Monday, March 10, 2008

Bidrohi Kobi





  • Nazrul is officially recognised as the national poet of Bangladesh and commemorated in India.He pioneered poetic works espousing intense spiritual rebellion against orthodoxy and oppression. His poetry and nationalist activism earned him the popular title of Bidrohi Kobi (Rebel Poet).


  • Kazi Nazrul Islam was born on the 25th May 1898 at Churulia in the district of Burdwan, West Bengal, India. The poet died at Dhaka, capital of Bangladesh as National poet on the 29th August 1976. He was born in a poor Muslim family, Nazrul received religious education and worked as a muezzin at a local mosque. He learned of poetry, drama, and literature while working with theatrical groups. After serving in the British Indian Army, Nazrul established himself as a journalist in Kolkata (then Calcutta). He assailed the British Raj in India and preached revolution through his poetic works, such as "Bidrohi" ("The Rebel") and "Bhangar Gaan" ("The Song of Destruction"), as well as his publication "Dhumketu" ("The Comet").
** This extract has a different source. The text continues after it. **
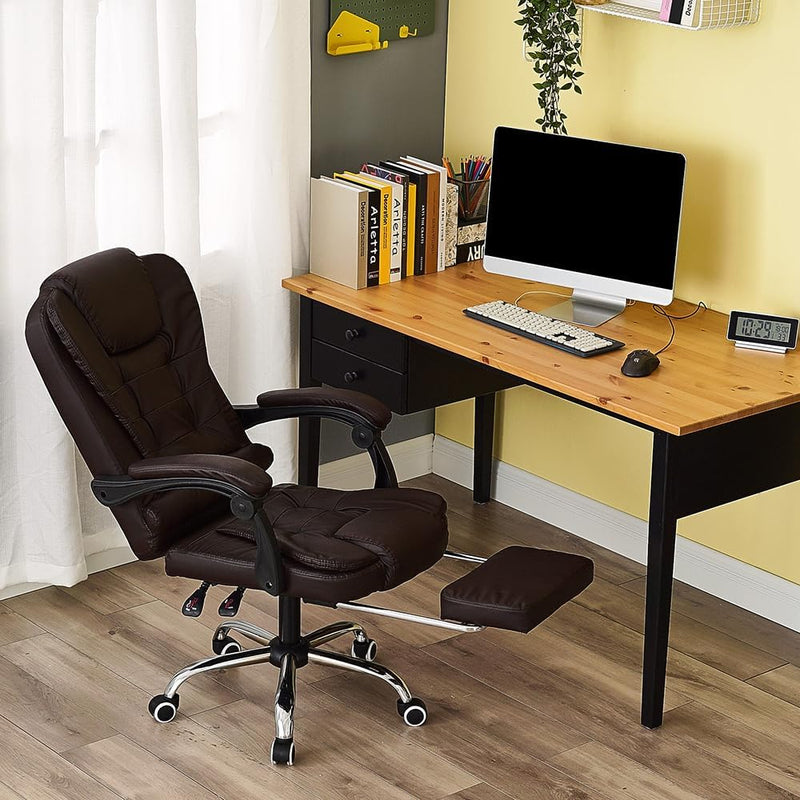 Panana Bürostuhl Heavy-Duty Executive Liegesessel mit Fussstütze aus PU-Leder Gaming-Stuhl (Braun),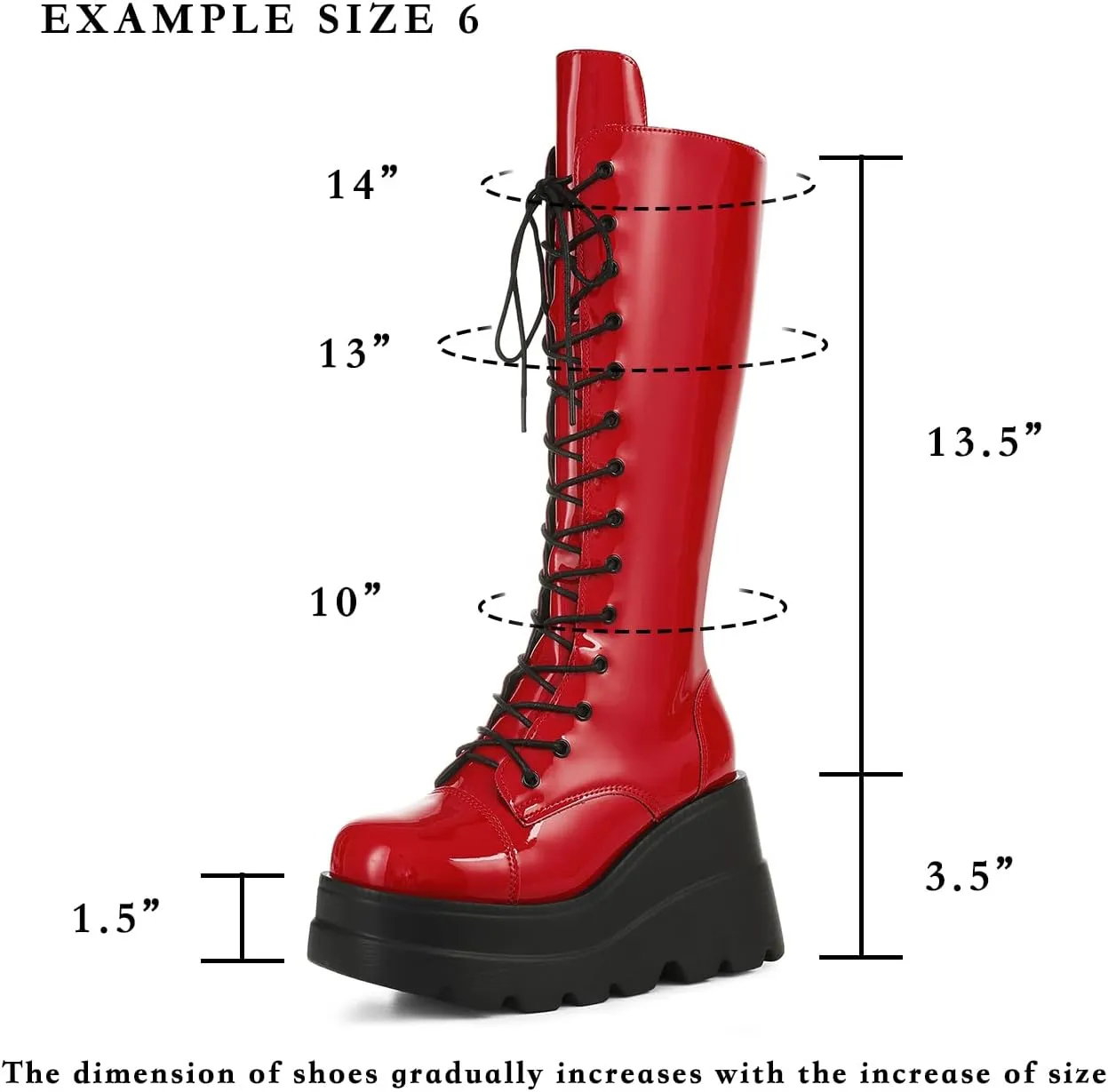 CELNEPHO Womens High Platform Mid Calf Wedges Chunky High Heel Round-Toe Side Zip Punk Combat Boots For Women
  • Kazi Nazrul Islam, popularly known asbidrohi kobi (Rebel poet) took the bengali literary world by storm by his poem, bidrohi or the Rebel. Probably no other single poem influenced the Bengali society and people so deeply, and this poem, alongwith many other patriotic poems and songs, inspired the freedom fighters during the struggle against the british, and also during the Bangladesh liberation war in 1971. Many regard him as the greatest poetic force in Bengali literature after world famous Rabindranath Tagore. Both Nazrul's poems and prose writing exuberate a certain force and energy, denouncing all social and religious bigotry and plurality, cultural differences and oppression as the principal reasons for national discord and disharmony. Many of his songs and poems were banned by the british administration in pre-partition India.